Data segment:

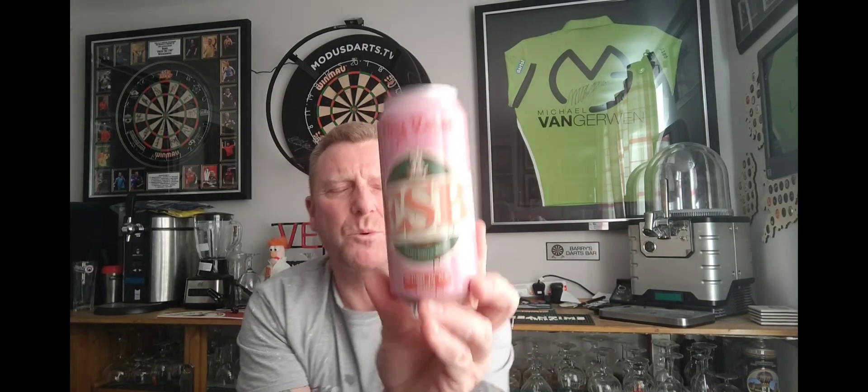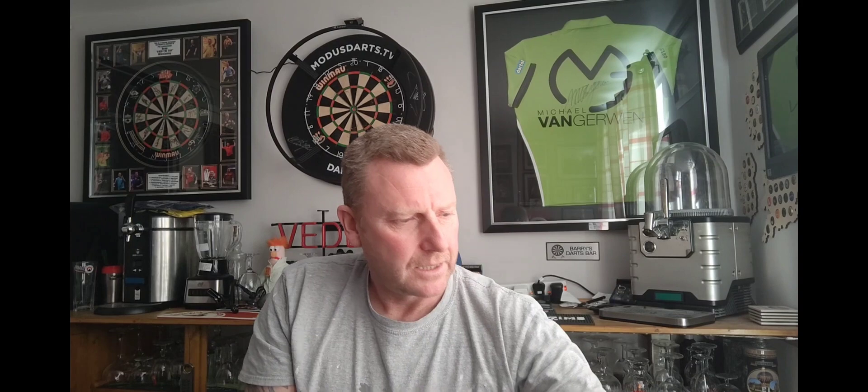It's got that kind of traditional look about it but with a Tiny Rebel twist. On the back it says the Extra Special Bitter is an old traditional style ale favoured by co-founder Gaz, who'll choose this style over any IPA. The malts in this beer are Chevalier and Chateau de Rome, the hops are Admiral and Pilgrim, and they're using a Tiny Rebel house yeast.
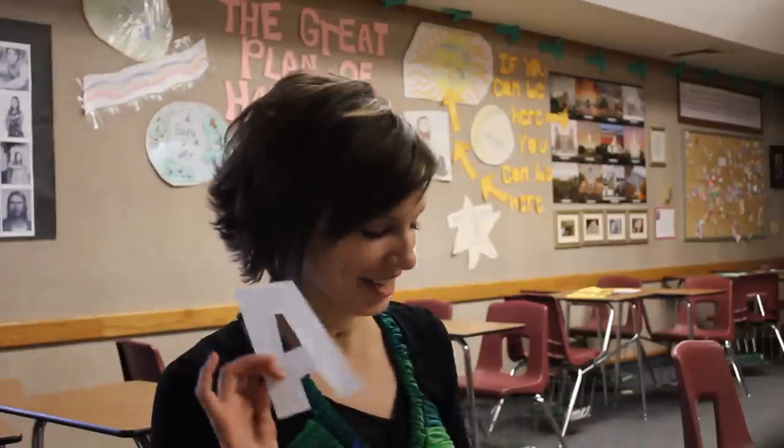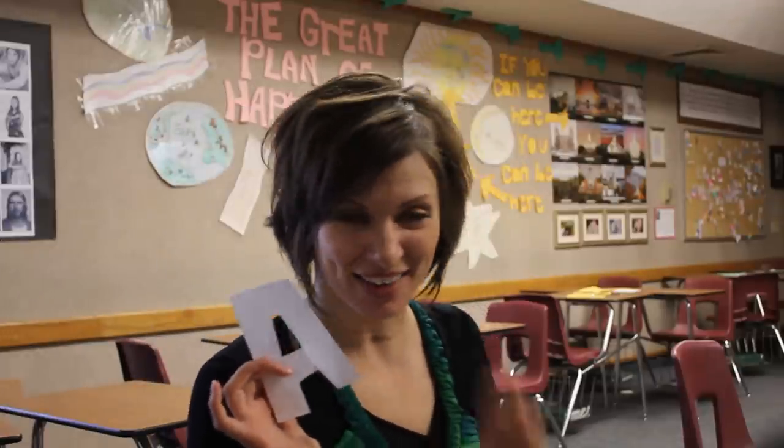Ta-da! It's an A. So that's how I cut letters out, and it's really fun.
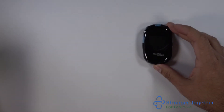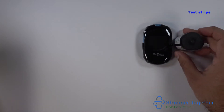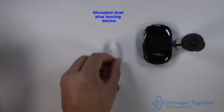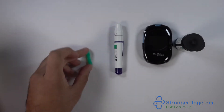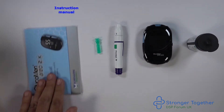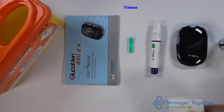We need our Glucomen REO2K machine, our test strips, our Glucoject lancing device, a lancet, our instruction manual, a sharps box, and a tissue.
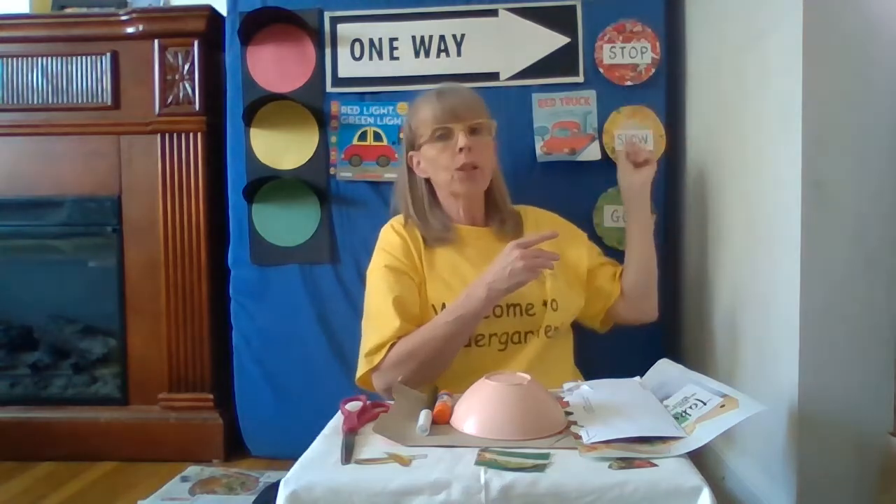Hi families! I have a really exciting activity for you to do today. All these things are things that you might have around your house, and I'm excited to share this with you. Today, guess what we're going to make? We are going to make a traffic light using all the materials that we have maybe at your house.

Task item:
All of the material above must be given again verbatim, except for the pictures.

Written reply:
It's got that kind of traditional look about it but with a Tiny Rebel twist. On the back it says the Extra Special Bitter is an old traditional style ale favoured by co-founder Gaz, who'll choose this style over any IPA. The malts in this beer are Chevalier and Chateau de Rome, the hops are Admiral and Pilgrim, and they're using a Tiny Rebel house yeast.
Ta-da! It's an A. So that's how I cut letters out, and it's really fun.
We need our Glucomen REO2K machine, our test strips, our Glucoject lancing device, a lancet, our instruction manual, a sharps box, and a tissue.
Hi families! I have a really exciting activity for you to do today. All these things are things that you might have around your house, and I'm excited to share this with you. Today, guess what we're going to make? We are going to make a traffic light using all the materials that we have maybe at your house.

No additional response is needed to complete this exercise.